Le parquet de Namur a requis ce jeudi devant le tribunal correctionnel cinq ans de prison à l’encontre d’un prévenu soupçonné de tentative d’extorsion, de menace avec arme et de détention d’arme. Le ministère public ne s’oppose pas à un éventuel sursis probatoire.

Le prévenu, né en 1993, est l’auteur d’un Fort Chabrol qui a duré six heures et a eu lieu le 30 janvier dernier rue de Géronsart à Jambes (Namur). L’homme, qui vivait avec deux conjoints et leur enfant de 18 mois, a menacé la famille avec une carabine Winchester et a mis l’occupant des lieux hors de la maison. Un voisin a pu mettre l’enfant en sécurité, alors que l’occupante des lieux a pris la fuite par les toits. L’homme s’est finalement rendu. Le bourgmestre et le chef de corps ont dû se rendre sur place tandis que la rue a été fermée à la circulation pendant plusieurs heures.

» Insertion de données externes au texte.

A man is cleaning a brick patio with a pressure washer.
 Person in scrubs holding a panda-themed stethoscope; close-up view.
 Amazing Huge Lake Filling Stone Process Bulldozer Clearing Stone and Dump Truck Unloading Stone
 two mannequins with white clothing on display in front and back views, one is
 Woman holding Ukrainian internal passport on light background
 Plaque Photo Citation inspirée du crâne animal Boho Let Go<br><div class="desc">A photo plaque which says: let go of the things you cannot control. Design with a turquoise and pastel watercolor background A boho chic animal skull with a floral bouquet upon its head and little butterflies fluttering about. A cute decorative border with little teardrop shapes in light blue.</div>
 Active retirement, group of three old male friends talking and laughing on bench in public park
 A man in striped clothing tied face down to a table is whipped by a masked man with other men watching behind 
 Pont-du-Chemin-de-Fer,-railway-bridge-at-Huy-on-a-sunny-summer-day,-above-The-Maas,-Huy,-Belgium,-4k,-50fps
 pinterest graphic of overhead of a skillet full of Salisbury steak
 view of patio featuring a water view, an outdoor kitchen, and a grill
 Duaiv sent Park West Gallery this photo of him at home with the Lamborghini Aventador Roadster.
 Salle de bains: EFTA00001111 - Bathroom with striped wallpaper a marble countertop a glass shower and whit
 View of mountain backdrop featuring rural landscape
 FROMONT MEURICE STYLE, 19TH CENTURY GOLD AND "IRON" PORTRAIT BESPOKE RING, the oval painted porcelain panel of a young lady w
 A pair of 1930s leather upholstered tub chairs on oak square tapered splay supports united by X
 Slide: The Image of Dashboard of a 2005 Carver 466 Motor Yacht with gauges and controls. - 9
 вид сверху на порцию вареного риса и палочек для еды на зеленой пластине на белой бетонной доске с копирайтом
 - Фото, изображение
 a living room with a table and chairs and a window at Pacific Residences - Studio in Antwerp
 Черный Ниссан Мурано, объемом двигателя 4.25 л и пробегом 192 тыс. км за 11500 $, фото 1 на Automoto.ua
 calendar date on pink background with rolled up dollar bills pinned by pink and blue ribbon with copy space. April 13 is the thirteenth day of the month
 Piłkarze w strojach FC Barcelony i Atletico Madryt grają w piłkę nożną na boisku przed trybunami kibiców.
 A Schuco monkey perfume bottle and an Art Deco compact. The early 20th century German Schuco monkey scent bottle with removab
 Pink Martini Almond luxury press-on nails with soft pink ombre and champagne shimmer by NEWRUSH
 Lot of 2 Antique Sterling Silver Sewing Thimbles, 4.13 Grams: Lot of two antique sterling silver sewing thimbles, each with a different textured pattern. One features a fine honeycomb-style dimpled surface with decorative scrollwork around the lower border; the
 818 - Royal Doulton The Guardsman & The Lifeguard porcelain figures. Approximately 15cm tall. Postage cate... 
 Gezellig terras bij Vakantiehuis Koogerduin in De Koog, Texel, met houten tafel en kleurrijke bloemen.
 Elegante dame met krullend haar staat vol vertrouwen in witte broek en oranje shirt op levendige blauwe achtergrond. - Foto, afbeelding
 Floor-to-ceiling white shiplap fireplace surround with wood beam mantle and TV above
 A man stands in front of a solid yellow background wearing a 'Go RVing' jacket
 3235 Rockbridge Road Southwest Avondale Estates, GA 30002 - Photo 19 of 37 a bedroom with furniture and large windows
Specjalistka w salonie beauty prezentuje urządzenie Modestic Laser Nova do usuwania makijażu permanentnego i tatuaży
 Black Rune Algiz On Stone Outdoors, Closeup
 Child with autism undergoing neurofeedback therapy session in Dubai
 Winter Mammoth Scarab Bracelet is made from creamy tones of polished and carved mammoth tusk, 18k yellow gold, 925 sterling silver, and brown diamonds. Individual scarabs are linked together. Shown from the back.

Interrogé, le prévenu a évoqué d’importantes difficultés personnelles pour expliquer cet acte dont il ne se souvient plus. Il consommait beaucoup d’alcool et de cocaïne à cette époque.

Face à la volonté du prévenu d’intégrer un centre de désintoxication le plus rapidement possible, le parquet requiert une peine de prison de cinq ans, sans s’opposer à un éventuel sursis probatoire. La mesure a été plaidée par l’avocate du jeune homme. Jugement le 19 mai.